→ **PROBLEM**
Among the lines below, list those containing the string "Decorative".

→ **DATA SHOWN**
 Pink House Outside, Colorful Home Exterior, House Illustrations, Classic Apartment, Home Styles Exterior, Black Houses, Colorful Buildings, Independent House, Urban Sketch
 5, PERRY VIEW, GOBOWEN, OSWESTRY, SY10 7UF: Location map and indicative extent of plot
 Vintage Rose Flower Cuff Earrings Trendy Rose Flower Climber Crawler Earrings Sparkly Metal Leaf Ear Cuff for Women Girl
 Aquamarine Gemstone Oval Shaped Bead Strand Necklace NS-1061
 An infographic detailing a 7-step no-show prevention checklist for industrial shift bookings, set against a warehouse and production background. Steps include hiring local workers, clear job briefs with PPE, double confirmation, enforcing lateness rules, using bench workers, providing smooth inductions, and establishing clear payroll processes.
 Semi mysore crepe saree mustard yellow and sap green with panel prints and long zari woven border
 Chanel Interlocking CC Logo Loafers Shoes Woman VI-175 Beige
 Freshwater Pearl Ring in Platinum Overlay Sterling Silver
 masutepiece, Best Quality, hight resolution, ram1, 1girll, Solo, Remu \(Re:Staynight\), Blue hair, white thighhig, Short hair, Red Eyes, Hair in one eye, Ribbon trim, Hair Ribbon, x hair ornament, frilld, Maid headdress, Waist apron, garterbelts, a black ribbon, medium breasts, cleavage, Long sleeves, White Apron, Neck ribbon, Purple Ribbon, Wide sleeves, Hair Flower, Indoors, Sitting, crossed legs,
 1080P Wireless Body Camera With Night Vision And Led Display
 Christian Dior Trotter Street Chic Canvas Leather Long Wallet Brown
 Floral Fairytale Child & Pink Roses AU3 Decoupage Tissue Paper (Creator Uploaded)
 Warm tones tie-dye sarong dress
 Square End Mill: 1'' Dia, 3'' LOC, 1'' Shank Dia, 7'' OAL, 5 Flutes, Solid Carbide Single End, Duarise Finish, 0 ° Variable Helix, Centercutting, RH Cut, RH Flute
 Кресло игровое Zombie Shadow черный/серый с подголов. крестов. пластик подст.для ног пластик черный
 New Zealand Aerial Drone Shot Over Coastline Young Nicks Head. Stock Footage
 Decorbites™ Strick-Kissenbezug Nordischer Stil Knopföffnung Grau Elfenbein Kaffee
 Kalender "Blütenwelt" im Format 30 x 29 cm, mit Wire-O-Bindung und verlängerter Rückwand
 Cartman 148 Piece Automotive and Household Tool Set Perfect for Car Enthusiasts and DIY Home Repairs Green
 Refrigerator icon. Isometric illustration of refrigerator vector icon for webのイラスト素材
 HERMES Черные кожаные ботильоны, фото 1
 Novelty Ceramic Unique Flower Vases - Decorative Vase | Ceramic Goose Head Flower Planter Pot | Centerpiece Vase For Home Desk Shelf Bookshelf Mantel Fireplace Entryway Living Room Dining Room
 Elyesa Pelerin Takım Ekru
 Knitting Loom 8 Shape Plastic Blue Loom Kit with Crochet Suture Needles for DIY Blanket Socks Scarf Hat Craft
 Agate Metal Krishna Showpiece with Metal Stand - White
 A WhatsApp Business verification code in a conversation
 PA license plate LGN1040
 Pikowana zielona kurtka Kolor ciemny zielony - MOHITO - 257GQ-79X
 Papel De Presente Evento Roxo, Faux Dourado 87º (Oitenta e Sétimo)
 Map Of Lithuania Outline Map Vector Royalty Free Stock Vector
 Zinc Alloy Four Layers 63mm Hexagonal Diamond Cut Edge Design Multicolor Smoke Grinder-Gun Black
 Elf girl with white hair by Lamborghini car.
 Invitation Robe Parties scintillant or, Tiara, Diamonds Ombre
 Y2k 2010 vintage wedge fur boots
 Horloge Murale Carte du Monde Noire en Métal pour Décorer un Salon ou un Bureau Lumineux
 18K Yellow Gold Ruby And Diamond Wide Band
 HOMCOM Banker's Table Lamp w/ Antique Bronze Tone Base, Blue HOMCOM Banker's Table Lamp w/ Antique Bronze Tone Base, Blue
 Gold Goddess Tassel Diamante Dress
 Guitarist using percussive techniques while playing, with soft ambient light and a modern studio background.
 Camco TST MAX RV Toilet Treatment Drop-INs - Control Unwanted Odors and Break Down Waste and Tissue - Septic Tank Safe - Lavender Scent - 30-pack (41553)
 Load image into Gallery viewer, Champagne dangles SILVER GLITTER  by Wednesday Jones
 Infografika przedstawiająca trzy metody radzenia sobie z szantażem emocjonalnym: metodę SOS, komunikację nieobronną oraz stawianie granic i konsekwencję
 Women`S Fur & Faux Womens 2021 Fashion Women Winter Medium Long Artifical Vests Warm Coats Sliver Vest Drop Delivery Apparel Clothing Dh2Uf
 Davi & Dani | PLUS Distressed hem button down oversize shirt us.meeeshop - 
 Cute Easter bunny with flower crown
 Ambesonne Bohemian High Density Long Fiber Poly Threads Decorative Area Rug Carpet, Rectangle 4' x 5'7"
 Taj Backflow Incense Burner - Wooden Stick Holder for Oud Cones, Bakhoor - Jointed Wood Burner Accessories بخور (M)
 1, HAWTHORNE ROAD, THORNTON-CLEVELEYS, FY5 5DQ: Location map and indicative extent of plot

→ **PROBLEM SOLUTION**
 Novelty Ceramic Unique Flower Vases - Decorative Vase | Ceramic Goose Head Flower Planter Pot | Centerpiece Vase For Home Desk Shelf Bookshelf Mantel Fireplace Entryway Living Room Dining Room
 Ambesonne Bohemian High Density Long Fiber Poly Threads Decorative Area Rug Carpet, Rectangle 4' x 5'7"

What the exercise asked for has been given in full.